Il déplia sa planche anatomique usée et tachée. Josc se pencha en avant, attentif, le regard vif, avide d’apprendre. Le jeune homme était une source d’inspiration pour Lawler. Il lui rappelait quelque chose qu’il avait eu tendance à oublier ces derniers temps, à savoir que sa profession était plus qu’un métier, qu’elle était une vocation.
— Épanchement pleural et inflammations de la plèvre, reprit-il. Symptomatologie, causes, mesures thérapeutiques.
Il avait l’impression d’entendre la voix de son propre père, grave, mesurée, inexorable, résonnant encore dans sa tête comme un gong.
— Prenons l’exemple d’une douleur brusque et déchirante dans la poitrine…
— Je crains d’avoir de mauvaises nouvelles, dit Delagard.
— Ha !
Ils étaient au chantier naval, dans le bureau de l’armateur qui lui avait demandé de passer. Il était midi, l’heure de la pause pour Lawler. Il y avait une bouteille entamée d’alcool d’algue-vigne sur la table d’algue-bois, mais Lawler avait refusé le verre proposé par Delagard. Jamais pendant les heures de travail, disait-il. Il essayait toujours de garder l’esprit clair quand il exerçait et, même s’il faisait une entorse pour l’herbe tranquille, il se disait qu’elle ne pouvait nuire à l’exercice de sa profession. Elle contribuait même à rendre son esprit plus clair.

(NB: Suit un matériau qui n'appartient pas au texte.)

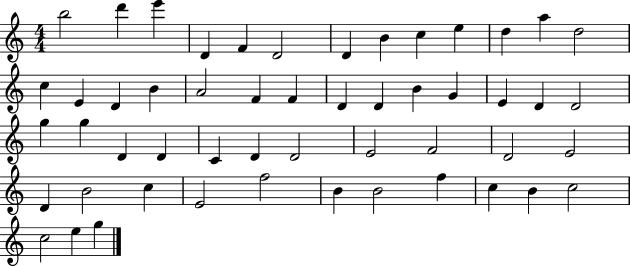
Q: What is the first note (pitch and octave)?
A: B5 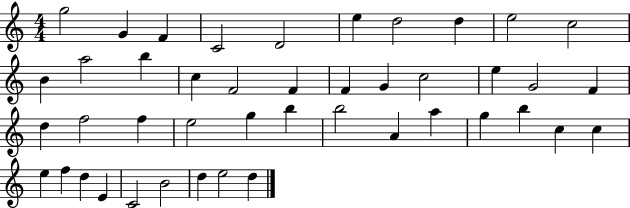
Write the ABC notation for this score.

X:1
T:Untitled
M:4/4
L:1/4
K:C
g2 G F C2 D2 e d2 d e2 c2 B a2 b c F2 F F G c2 e G2 F d f2 f e2 g b b2 A a g b c c e f d E C2 B2 d e2 d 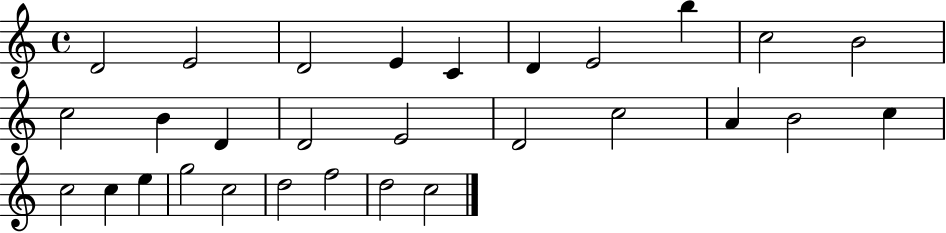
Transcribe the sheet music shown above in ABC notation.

X:1
T:Untitled
M:4/4
L:1/4
K:C
D2 E2 D2 E C D E2 b c2 B2 c2 B D D2 E2 D2 c2 A B2 c c2 c e g2 c2 d2 f2 d2 c2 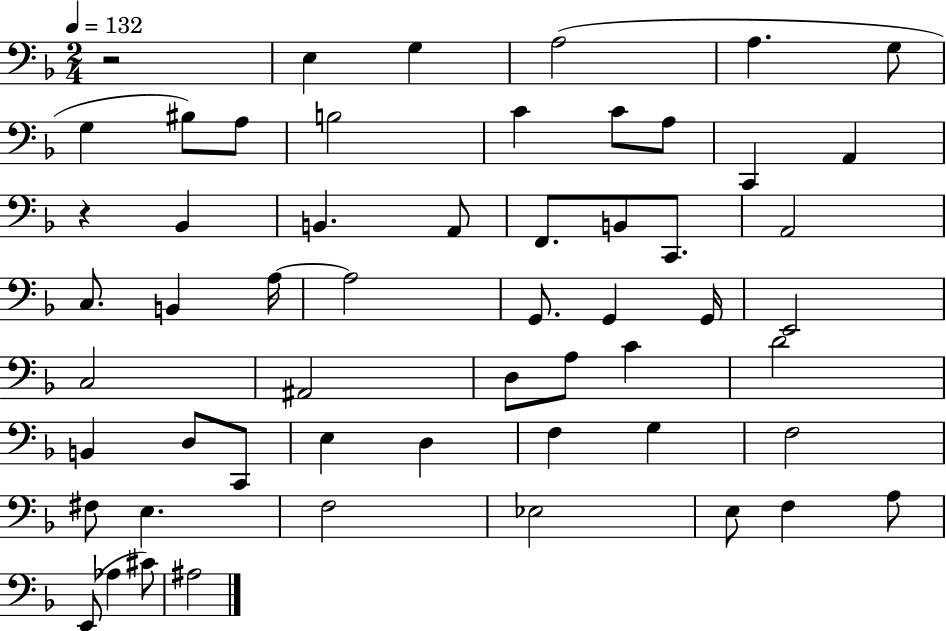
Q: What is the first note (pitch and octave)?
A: E3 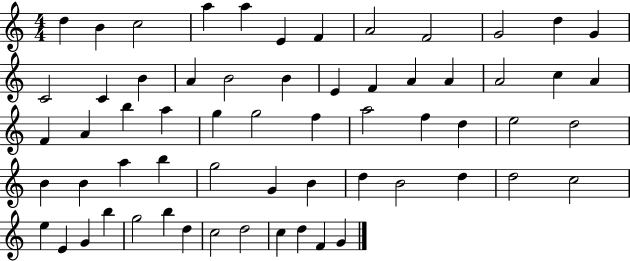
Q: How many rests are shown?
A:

— J’ai déjà des résultats, poursuivit Delagard. Mais ils ne sont pas bons. Velmise ne veut pas de nous, docteur.
Lawler eut l’impression de recevoir un coup de poing dans l’estomac.
— C’est ce qu’ils vous ont dit ?
Delagard poussa vers lui une feuille de papier parcheminé.
— Dag Tharp m’a remis cela il y a une heure. C’est un message de mon fils Kendy, qui vit à Velmise. Il m’annonce qu’ils ont réuni leur conseil hier soir et qu’ils ont rejeté notre demande. Leur quota d’immigration pour l’année est de six personnes et, compte tenu des circonstances exceptionnelles, ils acceptent de le porter à dix. Mais ils n’iront pas plus loin.